▶ Problem:
Reproduce all of the data exactly. Images are not to appear in the reply.

▶ Dataset content:
::::::::

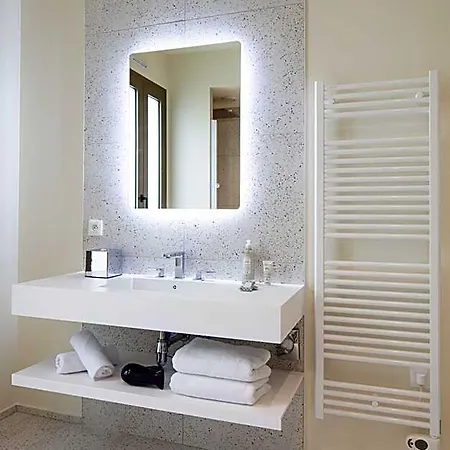 La Hotel 4*
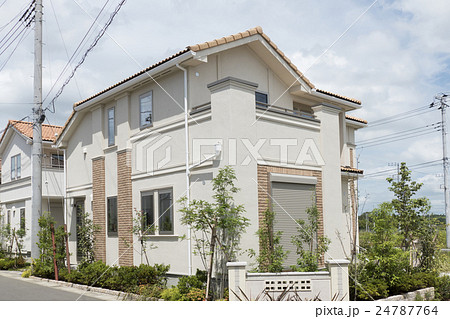 住宅　新築住宅　新築分譲住宅街　イメージ 24787764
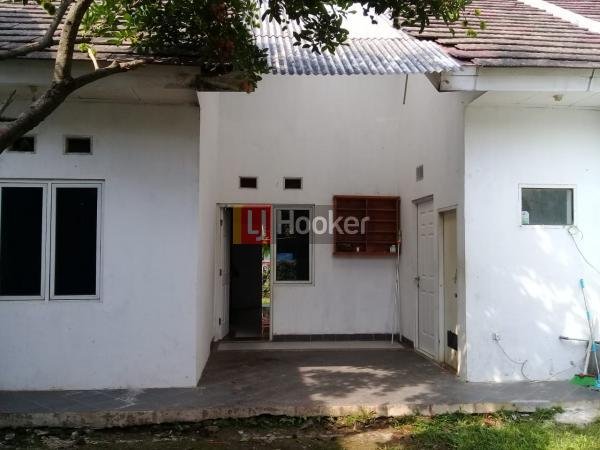 Dijual Murah Rumah di Sawangan Depok - 1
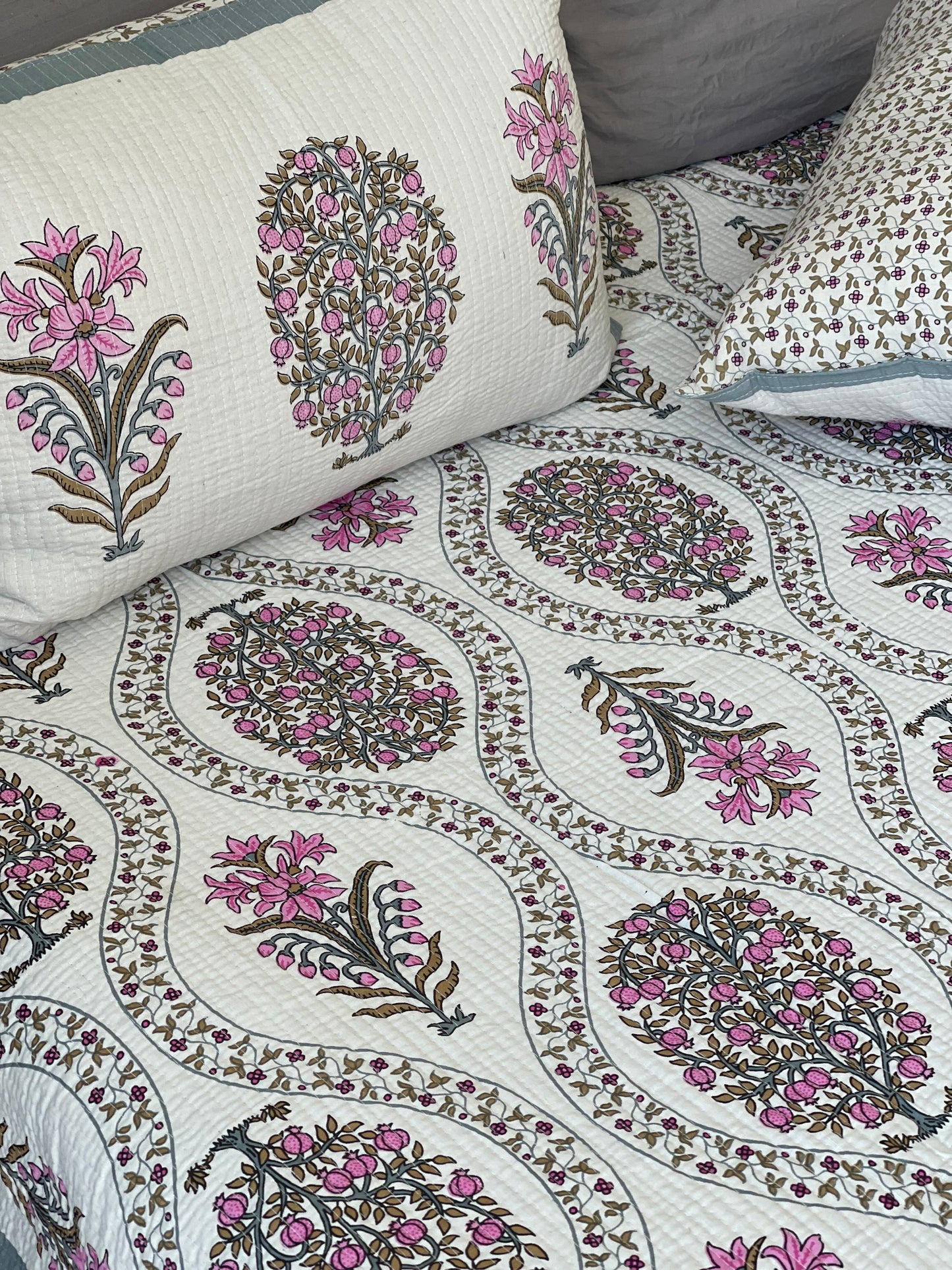 Rajasthani Comforter - Lila Bagh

::::::::

▶ Task response:
 La Hotel 4*
 住宅　新築住宅　新築分譲住宅街　イメージ 24787764
 Dijual Murah Rumah di Sawangan Depok - 1
 Rajasthani Comforter - Lila Bagh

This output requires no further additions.